Update test-pipeline.yaml (#599)

Alexei-V-Ivanov-AMD · web-flow · commit 7545048a0bae · 2025-07-18T17:21:37.000-05:00
* Update test-pipeline.yaml

Disabling the "Tensorizer Test".

The test is seen to generate exceptions while still reporting as successful. That needs to be verified before re-enabling the test in the production environment.

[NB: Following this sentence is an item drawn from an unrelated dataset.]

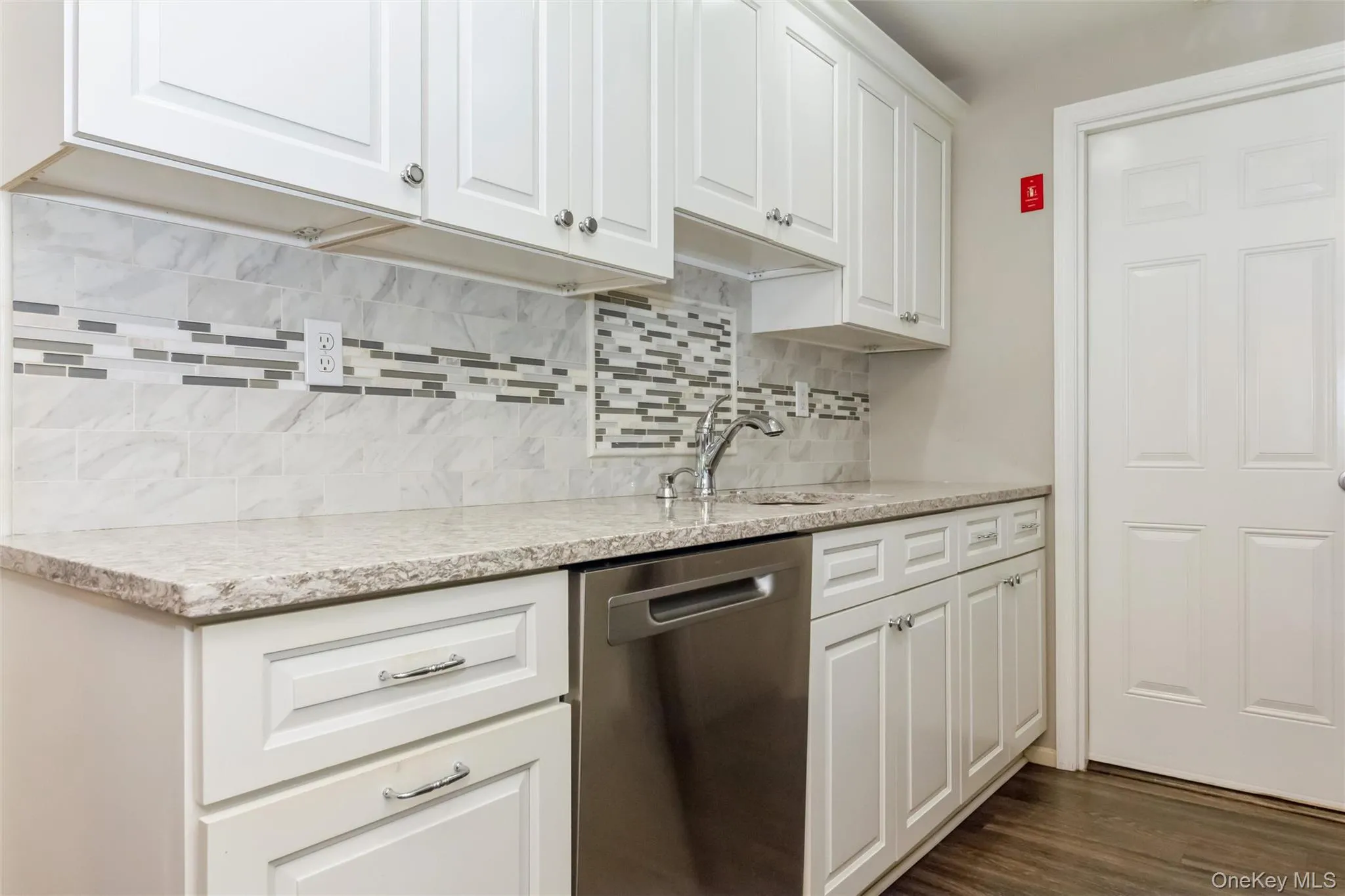 383 Birchwood Road, Brookhaven, NY, 1 Bedroom Bedrooms, 4 Rooms Rooms,1 BathroomBathrooms,Residential,For Rent,Birchwood,0,1023893 383 Birchwood Road, Brookhaven, NY, 1 Bedroom Bedrooms, 4 Rooms Rooms,1 BathroomBathrooms,Residential,For Rent,Birchwood,0,1023893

Signed-off-by: Alexei V. Ivanov &lt;alexei.ivanov@amd.com&gt;

* Fixing pre-commit complaints.

Signed-off-by: Alexei V. Ivanov &lt;alexei.ivanov@amd.com&gt;

* .

Signed-off-by: Alexei V. Ivanov &lt;alexei.ivanov@amd.com&gt;

---------

Signed-off-by: Alexei V. Ivanov &lt;alexei.ivanov@amd.com&gt;
diff --git a/.buildkite/test-pipeline.yaml b/.buildkite/test-pipeline.yaml
@@ -420,7 +420,7 @@ steps:
     - pytest -v -s kernels/mamba
 
 - label: Tensorizer Test # 11min
-  mirror_hardwares: [amdexperimental, amdproduction]
+  mirror_hardwares: [amdexperimental]
   soft_fail: true
   source_file_dependencies:
   - vllm/model_executor/model_loader
diff --git a/docs/dev-docker/README.md b/docs/dev-docker/README.md
@@ -291,7 +291,8 @@ python3 /app/vllm/benchmarks/benchmark_throughput.py \
     --num-prompts $PROMPTS \
     --max-num-seqs $MAX_NUM_SEQS
 ```
-For FP16 models, remove `--kv-cache-dtype fp8`. 
+
+For FP16 models, remove `--kv-cache-dtype fp8`.
 
 When measuring models with long context lengths, performance may improve by setting `--max-model-len` to a smaller value (8192 in this example).  It is important, however, to ensure that the `--max-model-len` is at least as large as the IN + OUT token counts.
 
@@ -325,6 +326,7 @@ vllm serve amd/Llama-3.1-70B-Instruct-FP8-KV \
     --gpu-memory-utilization 0.99 \
     --num_scheduler-steps 10
 ```
+
 For FP16 models, remove `--kv-cache-dtype fp8`. Change port (for example --port 8005) if port=8000 is currently being used by other processes.
 
 Run client in a separate terminal. Use port_id from previous step else port-id=8000.